La guerra tiene mucho que ver con el poder: la conquista de territorios, la dominación de culturas, cuerpos, sociedades, datos, posiciones geográficas estratégicas…, se disputa con violencia y todo ello es cultural, no biológico.
El constante intento científico de descubrir diferencias entre los cerebros de los hombres y de las mujeres es un intento -fallido- de justificar la desigualdad. Se habla de la testosterona, de la fuerza física o de la mayor corporalidad como justificación masculina de la guerra. Pero, empuñar un arma no requiere una diferencia biológica, ni manejar bases de datos en un ordenador para hackear sistemas tampoco. Los estudios evidencian, además, que las mujeres que combaten lo hacen al mismo nivel que los hombres. Si el arte de la guerra es la estrategia, la desigualdad no es biológica, sino una cuestión de género.
Las mujeres, en las guerras, son las caras menos visibles porque su función es ser-para-los-otros. Su rol es el de enfermera, cuidadora, madre, novia que espera o prostituta. Las mujeres han sido objeto de violaciones y prostitución forzosa y lo siguen siendo, o como botín de guerra. La violación a mujeres del bando enemigo se utiliza como un instrumento de humillación para los hombres, de pérdida de propiedad, un crimen de honor y una derrota por no haber sido capaz de proteger lo tuyo. Los cuerpos de las mujeres se conquistan como parte del territorio de los hombres. Se deshumaniza como ente propio.
El poder de la socialización de género
No, los chicos no son violentos por naturaleza, sino por cultura. La adrenalina y la disciplina que se imprimen en el entrenamiento para la guerra no son condiciones sine qua non de un cuerpo masculino. Si así fuera, no tendríamos ejércitos que se dedican a instruir intensamente a sus miembros para que estén preparados. De ser así, un hombre por ser hombre, al alcanzar la etapa adulta, estaría listo para matar, para conquistar.
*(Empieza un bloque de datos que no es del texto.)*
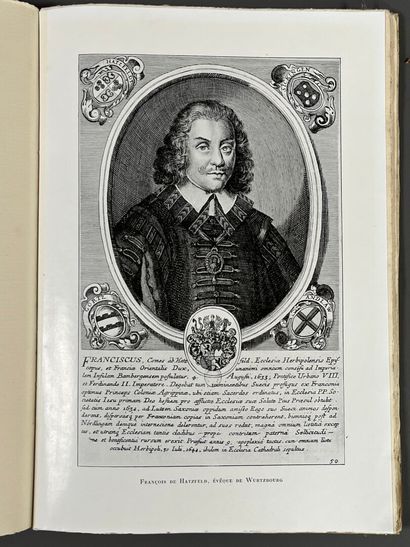 [Genealogy]. MEURGEY DE TUPIGNY (Jacques)....
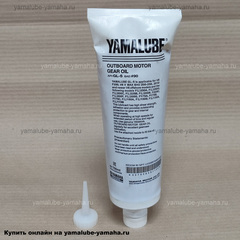 Yamalube Gear Oil SAE 90 GL-5, Масло трансмиссионное, 750 мл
Pero no es así.
La sociedad patriarcal prepara a los niños varones para que les gusten los juegos de guerra, vean violencia y se recreen en ella; manda a los adolescentes al servicio militar o se inventa ritos de paso vinculados, crea fratrías jóvenes llenas de fronteras de género incapaces de cruzar por el posible señalamiento de ser un traidor, un emasculado simbólico; adoctrina haciendo que las armas den morbo cazando en el campo o matando a otros hombres terroristas en videojuegos; instruye en el poder de la masculinidad confundiendo sexualidad con violencia o protección con dominación. Y, cuando de adultos, se convierten en soldados y van a la guerra, se premia con la condición de héroes a aquellos mismos que soñaban con ser de niños cuando iban al cine o leían un cómic.
Lo que nadie enseña son las verdaderas heridas de una masculinidad castrense: el miedo, la vulnerabilidad, el trauma, el dolor, ese que sí es inherente e inevitablemente humano. Nadie está preparado para escapar a su condición humana, que son las emociones, por mucho que se hayan reprimido durante años de durísimo entrenamiento. Por mucho que te digan que lo has hecho muy bien mientras te dan una palmada en la espalda, ningún estado, nación o pueblo puede seguir pidiendo que se de todo para nada. La Masculinidad Violeta renuncia a la guerra como forma ética y política de ser un hombre. Entiende que la valentía no es tratar de hacer algo que cause sufrimiento a múltiples niveles, sino ser capaz de pararlo, de hacer el bien. La Masculinidad Violeta abraza la paz siempre.
Socializar para la guerra, buen tema sobre el que poco se habla. Cada quién tiene su rol, y nadie es libre de ser quien realmente es.